From a certain perspective, I can see his dilema. For the last 2 months, his sites have went well over their bandwidth allotments. But 95% of that traffic has been all Googlebot (one IP or another). As a matter of fact, from analysis of his log files (done at his request), it seems that the more Googlebot crawls his sites, the less traffic he gets from Google.
I have reviewed all of his sites. No spam, all original content. Not a lot of cross-linking ... Seems like he is doing things right. But I was unable to explain to him why Googlebot had been crawling so much, yet adding so few pages to the index.
A better solution might be to restrict the areas or number of pages that Google can crawl using robots.txt or on-page meta robots tags.

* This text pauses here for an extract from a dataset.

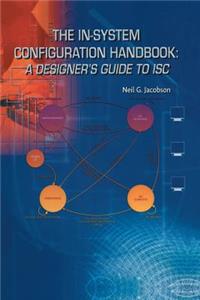 In-System Configuration Handbook: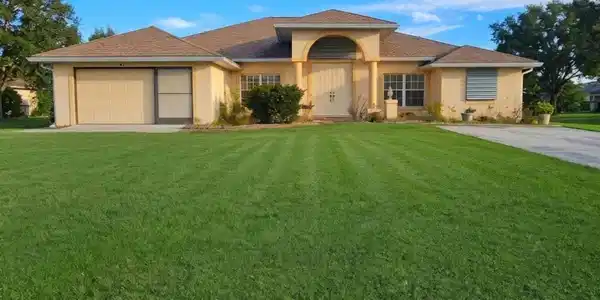 41 Pelton Circle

Also, make sure that his Last-Modified, Expires, and Cache-control response headers are configured correctly.
This kind of suicide is usually preventable...
Thanks for the advice!
I really don't want to do this, as he is just upset about the extra bandwidth charges. Maybe I'll try to give him a break.
There are people who'd metaphorically ive their right arm to see the Googlebot every now and then. Even once a month would do.

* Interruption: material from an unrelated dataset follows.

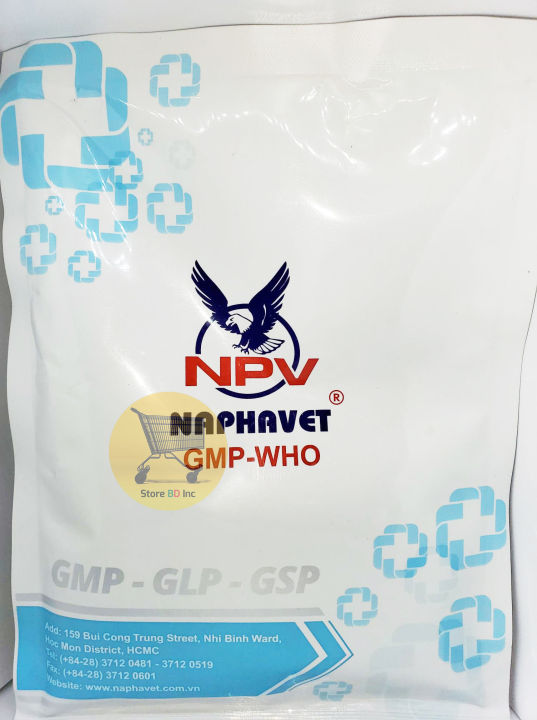 AQUA LIFE–S 250 gm Best Biofloc Probiotic & Other Fisheries Project  (GMP-WHO)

I'm happy that Google presents search results as it wishes - but I find it hypocritical of Google to make such judgements about a site without even spidering it every now and then.
The data it has about some of my sites is months old.
Remember that the customer is always right. At the end of the day it is your right to charge extra bandwidth, and his right to ask that GoogleBot be banned.
|Remember that the customer is always right. |
The customer is very often wrong...
If a client has a problem, he/she will often have a suggestion for a solution based on inadequate knowledge and/or understanding of the issues. Ultimately, you may have to implement a client's request/suggestion but if you believe it to be wrong you should always brief the client on alternatives first.
Have you tried a sitemap that specifies that those pages aren't changing nearly as frequently as Googlebot is crawling?
If you haven't already tried this, I would send Google a report about it. There could be a technical problem with their crawler. Although it's more focused toward speed of requests than total bandwidth, I think this form would be a good place to start:
Googlebot Trouble Report [google.com]
[edited by: tedster at 6:26 pm (utc) on May 13, 2006]
|95% of that traffic has been all Googlebot |
Assuming his hosting doesn't have some antiquated low bandwidth allocation, that would be indicative of a more fundamental problem.
Are you getting googlebot stuck in a trap? Session ID's etc?